**COLLECTED DATA**
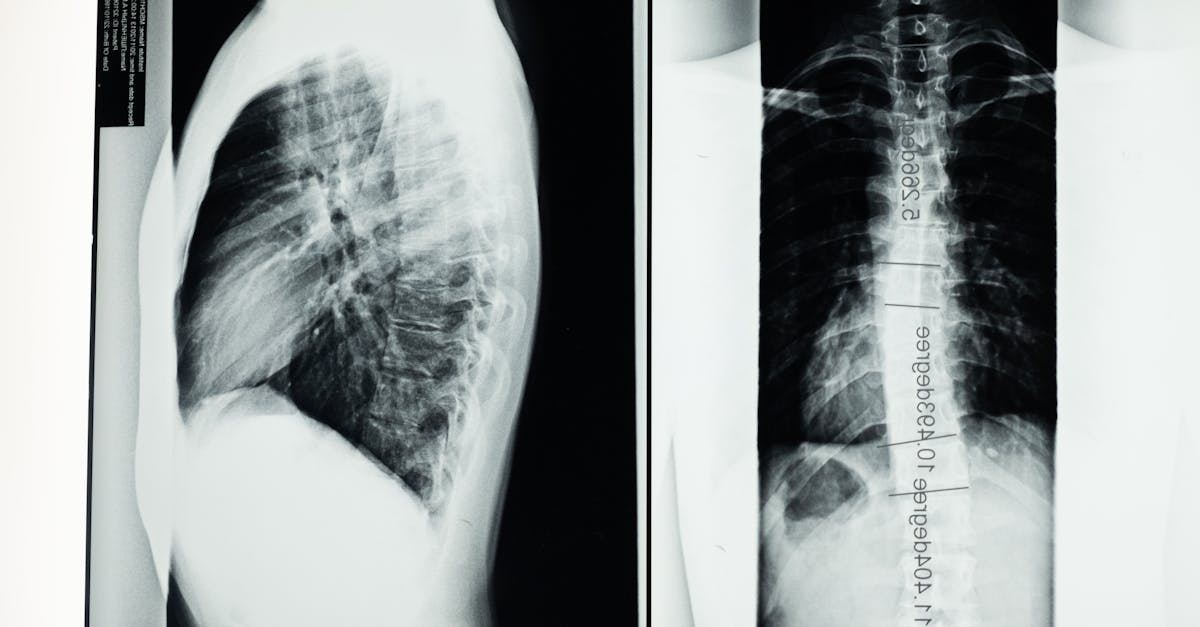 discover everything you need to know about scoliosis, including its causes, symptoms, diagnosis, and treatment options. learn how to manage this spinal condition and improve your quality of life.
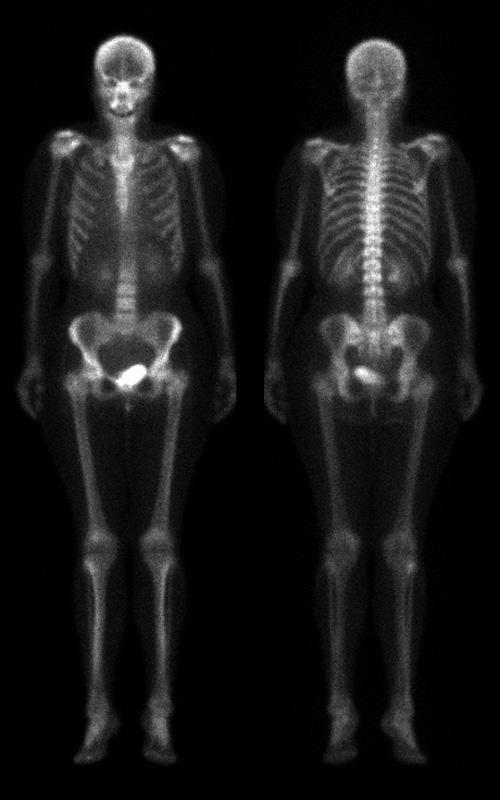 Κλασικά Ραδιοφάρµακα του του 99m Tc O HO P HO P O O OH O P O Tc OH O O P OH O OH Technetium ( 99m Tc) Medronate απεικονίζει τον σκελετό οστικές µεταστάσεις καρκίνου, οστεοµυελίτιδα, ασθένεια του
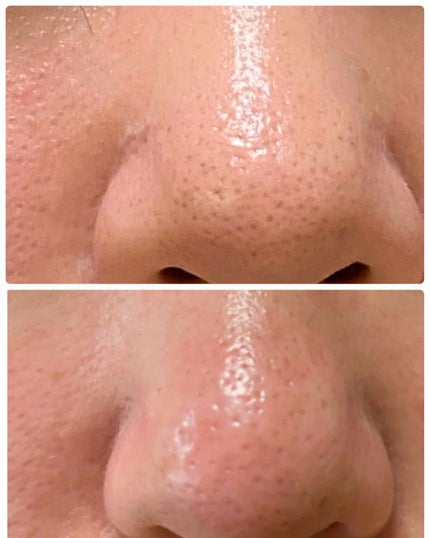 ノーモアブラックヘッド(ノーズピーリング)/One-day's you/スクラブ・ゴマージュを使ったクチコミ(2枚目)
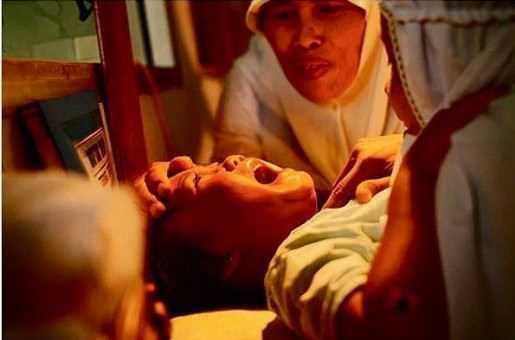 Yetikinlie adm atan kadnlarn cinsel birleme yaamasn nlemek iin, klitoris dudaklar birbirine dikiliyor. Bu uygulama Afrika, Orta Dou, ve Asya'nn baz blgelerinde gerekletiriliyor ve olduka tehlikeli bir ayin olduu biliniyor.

**TASK ITEM**
Repeat the material verbatim but without any of its pictures.

**RESPONSE AREA**
 discover everything you need to know about scoliosis, including its causes, symptoms, diagnosis, and treatment options. learn how to manage this spinal condition and improve your quality of life.
 Κλασικά Ραδιοφάρµακα του του 99m Tc O HO P HO P O O OH O P O Tc OH O O P OH O OH Technetium ( 99m Tc) Medronate απεικονίζει τον σκελετό οστικές µεταστάσεις καρκίνου, οστεοµυελίτιδα, ασθένεια του
 ノーモアブラックヘッド(ノーズピーリング)/One-day's you/スクラブ・ゴマージュを使ったクチコミ(2枚目)
 Yetikinlie adm atan kadnlarn cinsel birleme yaamasn nlemek iin, klitoris dudaklar birbirine dikiliyor. Bu uygulama Afrika, Orta Dou, ve Asya'nn baz blgelerinde gerekletiriliyor ve olduka tehlikeli bir ayin olduu biliniyor.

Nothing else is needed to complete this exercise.